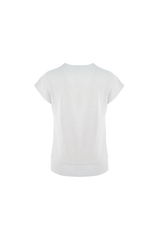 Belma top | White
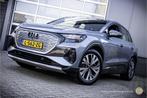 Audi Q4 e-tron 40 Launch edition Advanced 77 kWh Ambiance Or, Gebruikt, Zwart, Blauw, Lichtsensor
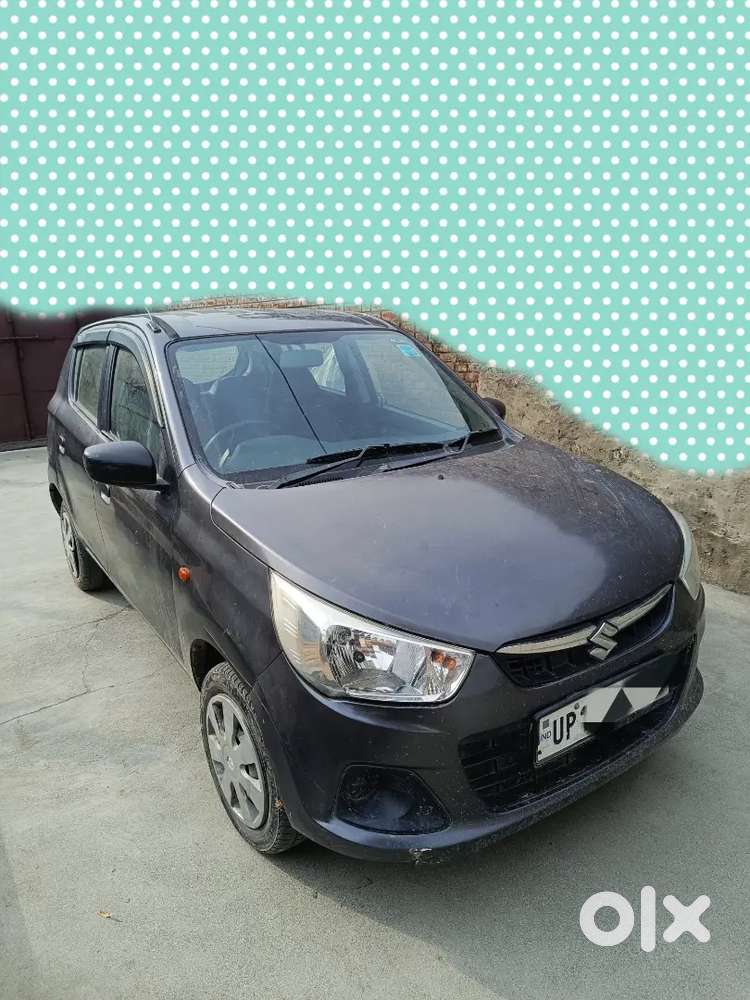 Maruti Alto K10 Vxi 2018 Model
************
Would you repeat the listing above exactly, minus the images?

 Belma top | White
 Audi Q4 e-tron 40 Launch edition Advanced 77 kWh Ambiance Or, Gebruikt, Zwart, Blauw, Lichtsensor
 Maruti Alto K10 Vxi 2018 Model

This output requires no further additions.